The experiences of their pioneering ancestors in the sugar plantations of Hawaii, the canneries of the Pacific Northwest, and the lettuce or artichoke fields of California needed to be told to the burgeoning Filipino American communities and to the larger society.  Not that the Philippines was no longer important or relevant. The home country was always there, albeit only as a memory or vignette of imagined community.  It had to be supplemented by knowledge on the Filipino experience in America.  This experience embodied stories of survival and strength, which the younger generations needed to know to bolster their own ethnicity.  “Our history” became the underpinning of many of the ethnic studies programs across the country in the 70s.

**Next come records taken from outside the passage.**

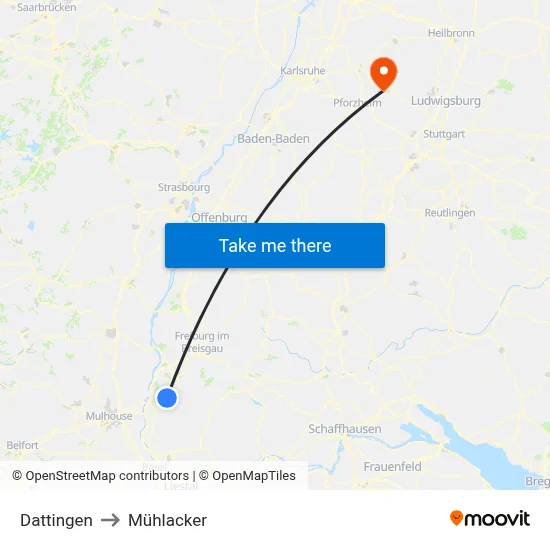 Dattingen to Mühlacker map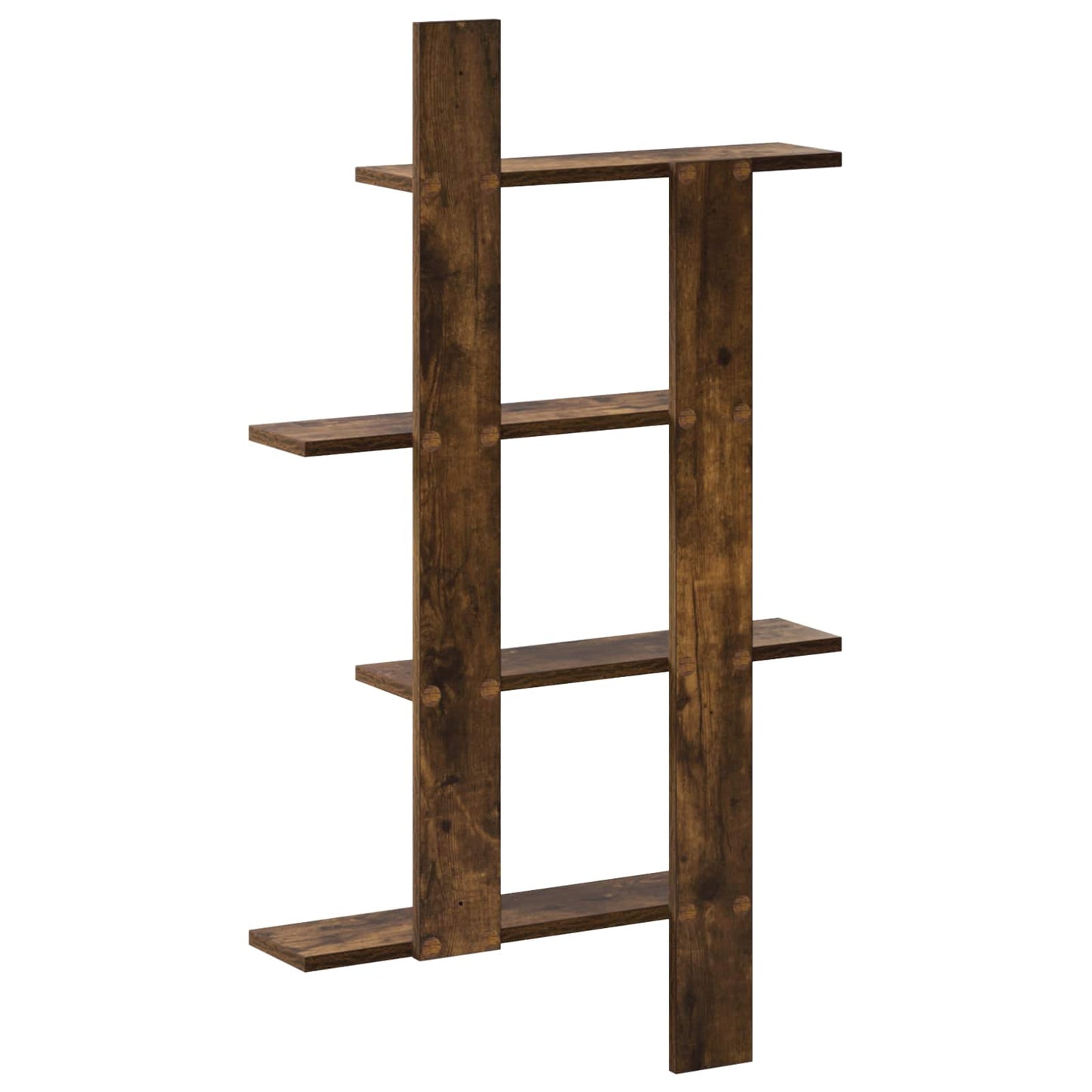 vidaXL Wall Shelf Smoked Oak 61 x 13.5 x 105 cm Engineered Wood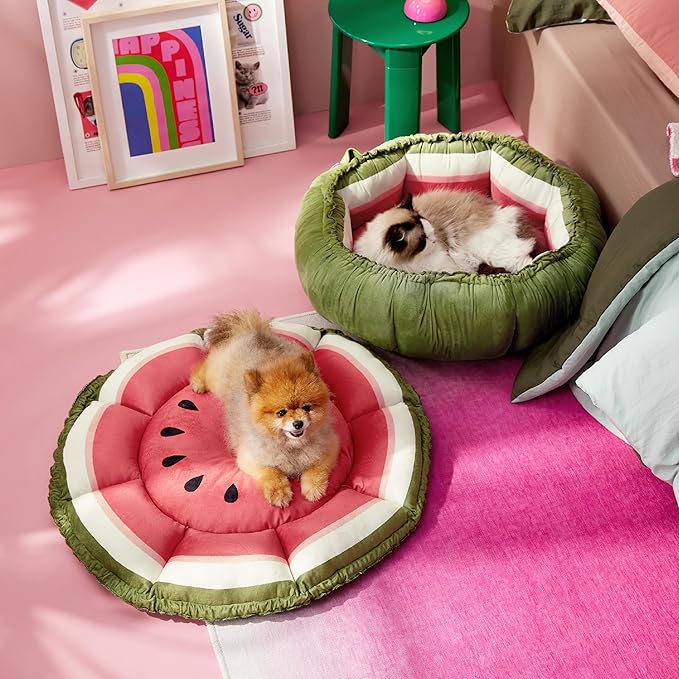 Lesure Dog beds for Small Dogs - Washable Cute Cat Beds with Versatile Dual-Use Design, Reversible Round Pet Bed for Puppy and Kitten, 25x25x8 Inches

Thus Filipino American studies programs or centers have emerged in some campuses in America, combining the more traditional Philippine Studies offerings like history and language with newer courses on the continuing Filipino American experience.  In addition to Hawaii, the post-secondary institutions with such programs are the City College of San Francisco, California State University at Hayward, University of San Francisco, San Francisco State University, and Old Dominion University.  Among the bigger universities, the University of Wisconsin-Madison is particularly strong in research on the Philippines, especially history and politics.  Berkeley, UCLA, San Diego, Arizona State, Kansas State, SUNY Buffalo, Washington State, Oregon and Northern Illinois also have Philippine specialists on their faculty.

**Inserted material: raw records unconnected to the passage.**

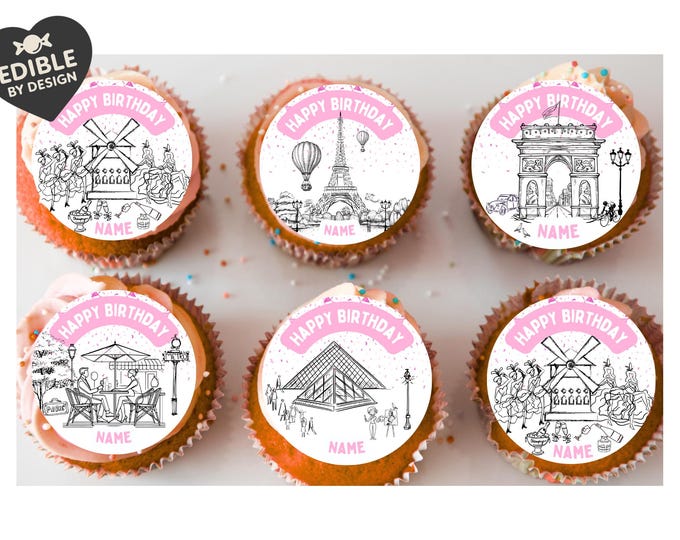 Pink Paris Theme Birthday Cake Toppers Edible Eiffel Tower Arc de Triomphe Moulin Rouge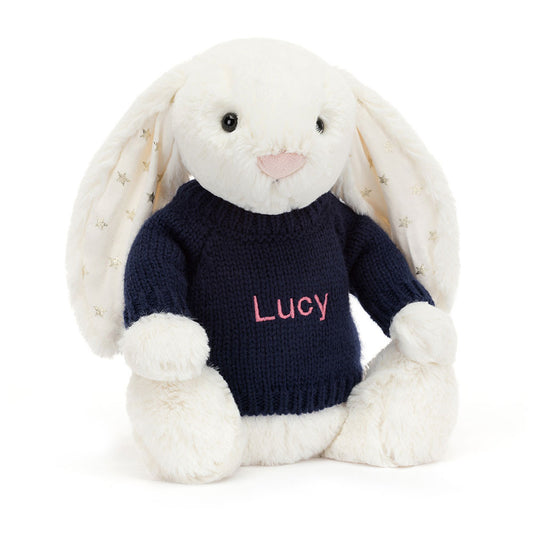 Jellycat Bashful Twinkle Bunny with Personalized Navy Jumper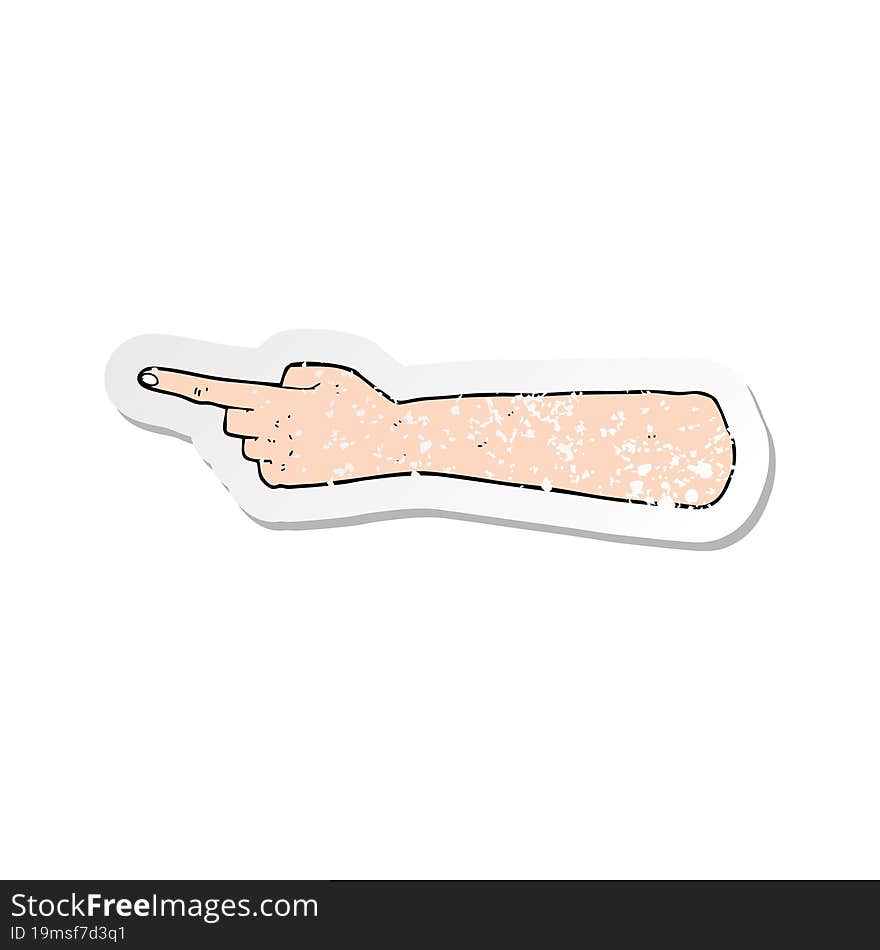 Retro Distressed Sticker Of A Pointing Hand Cartoon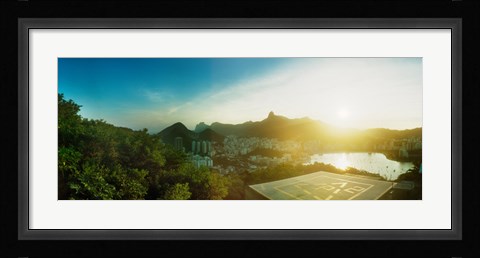 Framed Helipad at the top of Sugarloaf Mountain at sunset, Rio de Janeiro, Brazil Print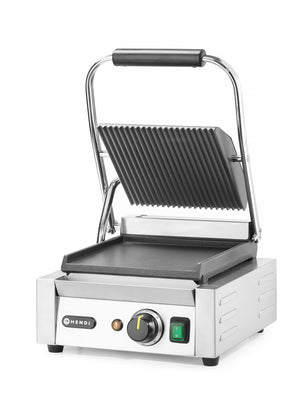 Contactgrill - enkel, HENDI, boven geribd, onder glad, 230V/1800W, 310x375x(H)216mm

The downside is, in current American academia, ethnic or area programs are the first to be cut or eliminated in times of budget crisis.  They cannot compete with the newer or market-oriented programs like computer science, information systems, management, communications, science and technology, and so on.  As universities continue to downsize their area studies programs, it is hoped that the ethnic communities themselves will help keep them alive in some way.  Endowments, donations, gifts, scholarships, and other resources from the various Filipino American communities can augment the diminishing funding for such programs in universities across the nation.  At the University of Hawaii at Manoa, for instance, benefactors like Robin Campaniano, a Filipino American alumnus of the University of Hawaii and University of San Francisco, help to keep the Center for Philippine Studies afloat with their occasional donations.  Of course, we could use more, as our responsibilities increase without corresponding support.

In the long run, sustained financial initiatives from the outside will be critical to keep Philippine Studies and Filipino American Studies viable on any campus.  We live in an increasingly competitive and insidious world. And it is somewhat disappointing that for all the long decades of the so-called “special relations” between the United States and the Philippines, Philippine Studies in America is sporadic and has not been institutionalized. The promising programs in earlier decades have died a natural death either from attrition or lack of viable support.

But they say it’s never in the Filipino spirit to end on a bitter note.   And I suppose I echo the resolve of my colleagues when I say that the show must go on – we must keep Philippine Studies alive.

[This article first appeared in Filipinas magazine in October 2000. Reprinted with permission from the publisher.]